Clubhouse denies leaking user data |
Clubhouse CEO Paul Davison said the report alleging the leak of personal user data is false.
After days of jointly publishing and selling over a billion Facebook and LinkedIn accounts online, the club's role appears to have matured.
Online news reports published SQL database of user ID, name, username, Twitter and Instagram ID, number of online hacker forum subscribers.
According to Network News, the leaked information does not appear to contain sensitive user information (such as credit card numbers), which has 1.3 million user records.
The club replied: This is misleading and incorrect and the club has not been hacked. The data provided is information on public accounts in our app.

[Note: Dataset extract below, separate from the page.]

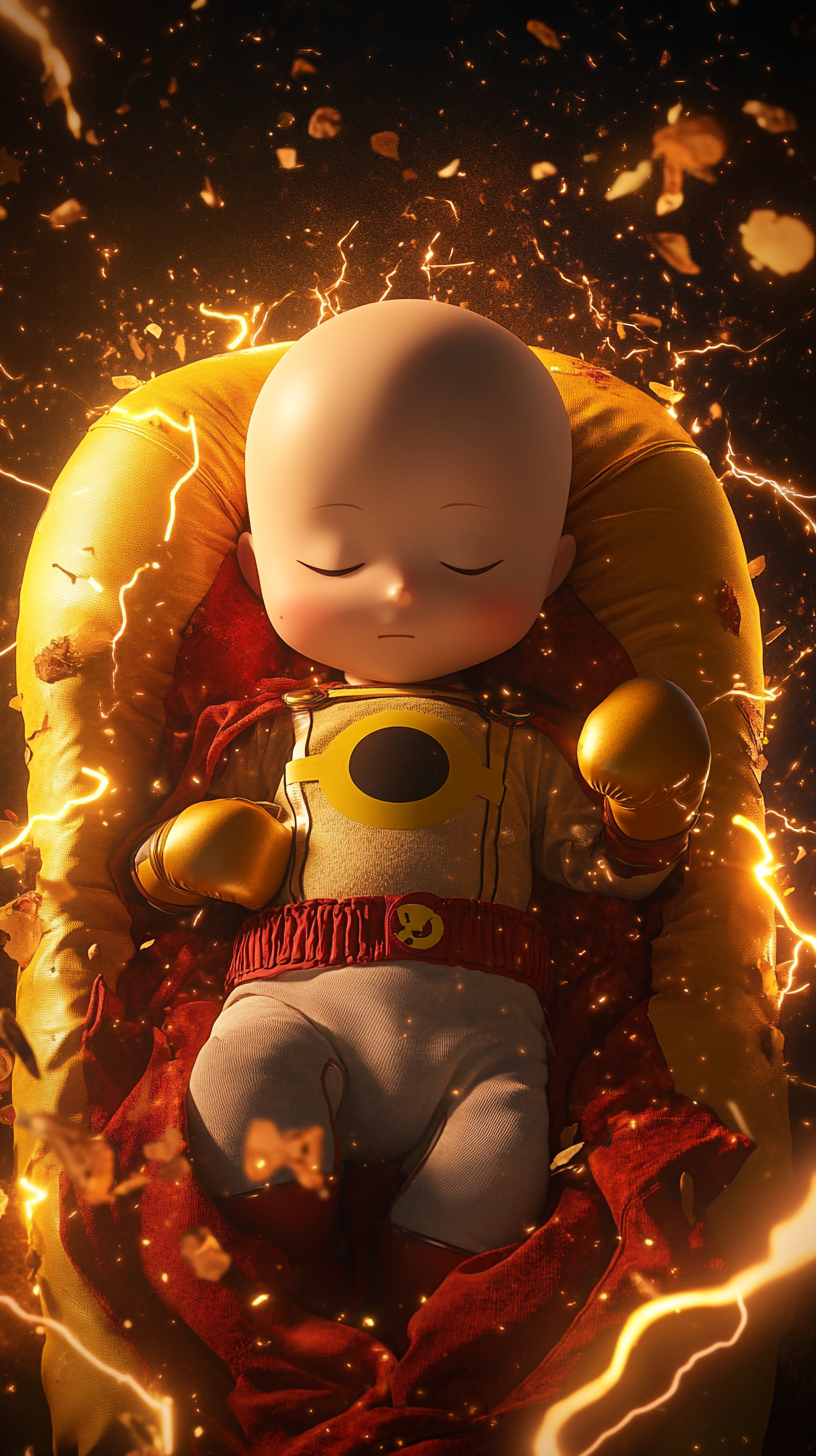 Adorable baby Saitama in superhero cradle with Genos plush.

Anyone can access it through our app or API.
Davison also answered a question about a data breach on the platform: No, it did not happen, this is misleading and incorrect, we have not been hacked, the data shown is from the information in the public account of our app, so the answer is no.
These answers raise questions about the company's privacy policy, which allows anyone to broadly collect general information about accounts.
Last week, Network News reported that the personal data of up to 500 million LinkedIn users had been collected and published online, and Microsoft said the leak did not include data from a private member's LinkedIn account.
The news was released two days after it was discovered that the personal information of some 533 million Facebook users had been circulating online for free.
According to reports, the Facebook leak included the user's phone number, date of birth, geographic location, email address and full name.
Although Clubhouse accepts invitations only and can only be used on iOS devices, it has achieved good results in its first year with over 10 million downloads.